On one of the few beaches open in Palm Beach County on Sunday while Hurricane Dorian strengthened and stalled and tried to splinter the Bahamas, there was fascination in the tall waves and opportunity.
“We’ve been down here three nights,” said Jimmy LeBore, a Rhode Island native who has lived in South Florida’s Lake Worth area for two years. “It’s getting intense. There’s a strong rip especially closer to shore.”
LeBore said the conditions drew him and a gaggle of buds to the beach, one of the few still open. He had no idea what might befall West Palm Beach in the face of Dorian.
“You listen to the Weather Channel and it changes hourly,” he said. “They’re predicting. It’s like predicting the score of a football game. If I could do that I’d be a millionaire.”
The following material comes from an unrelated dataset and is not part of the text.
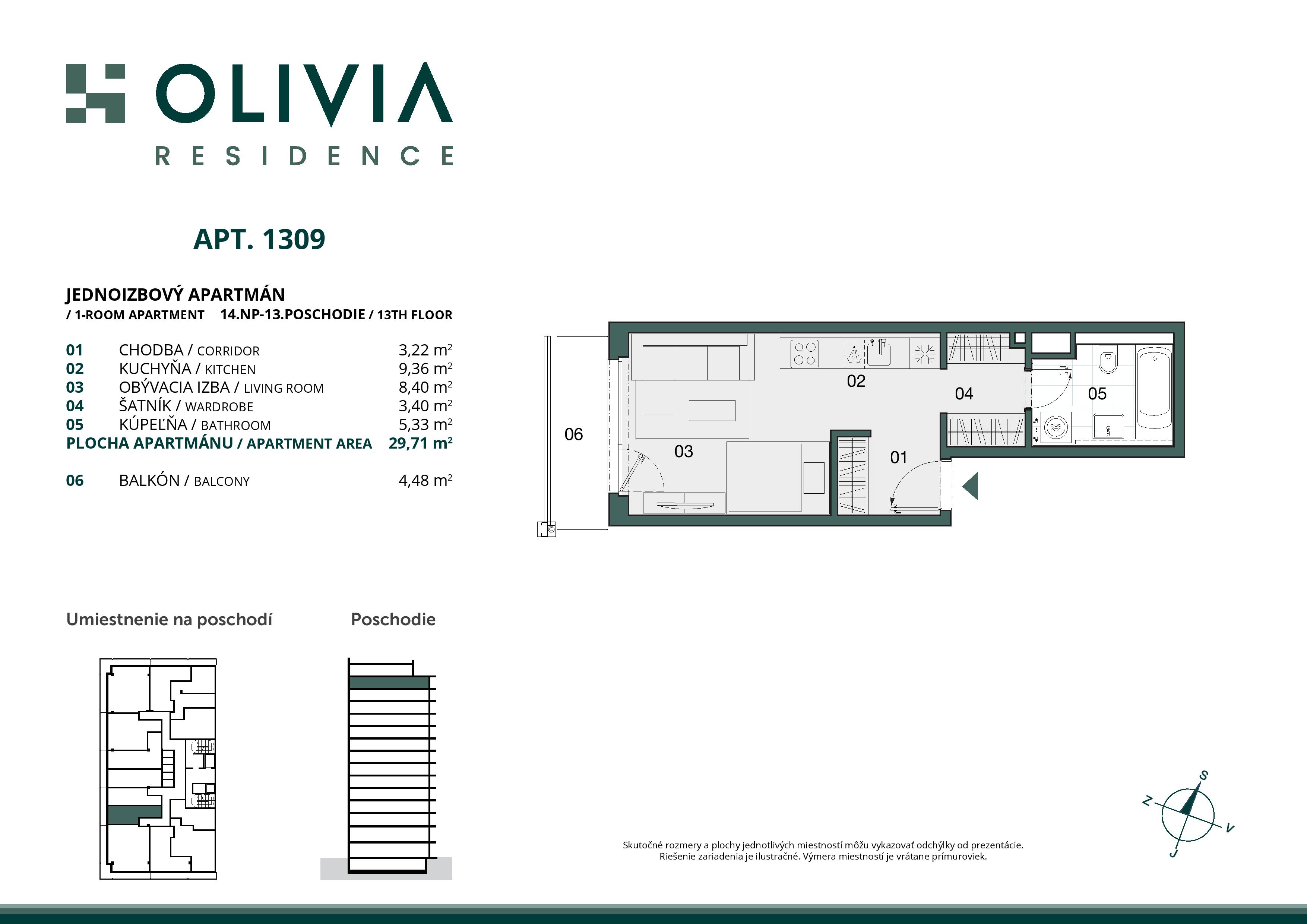 Olivia residence - 13.09 - Pôdorys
A pal, Gary Ricca, a Lancaster, Pennsylvania, native here just 6 months, was entranced by the somewhat rough ocean.
“It’s exciting,” he said.
“If they let us, we’d come back tomorrow,” LeBore added. “I got a feeling it’s going to come closer than they say. We’ll get through it.”
Ricca, although buzzed by the coming storm, wasn’t totally sold on staying.
“I’ll probably be somewhere praying the whole time,” he said.
The angry surf was no friend to Judy Lopez, whose family was trying to catch dinner.
“We usually catch 10 or so fish,” she said sitting on the sand at Phipps. “So far we just caught catfish. We throw those back.”
Lopez, who lives in West Palm Beach, said the family would likely seek out a shelter, probably the one closest to her home at Forest Hill.
“We’ve put the shutters up,” she said. “Everything is ready.”
Elien Boes, her husband and daughter were entranced enough just standing in the sand and watching the waves.
“We had to get out for a little bit,” she said, after being cooped up and anxiously watching the news.
“Yesterday we were out of the cone,” she said. “And today we woke up and we’re in the cone.”
The Lake Worth family said they’d likely go to a friend’s empty apartment in Miami to ride things out.
“I hate to be without electricity and air conditioning,” she said.
Sol Escobar and friends were kiteboarding, sometimes leaping over waves up to 20 feet or more in the air.
“Sometimes you’re up in the air and ‘WHAM!’,” he said.
Escobar said the gusty conditions aren’t optimal for kiteboarders.
“It’s better when it’s consistent,” he said.
The afternoon’s efforts were tiring in the extreme for Escobar and friends, leading him to shrug his shoulders and say he’d likely be riding out whatever Dorian throws at the area from his home in Wellington.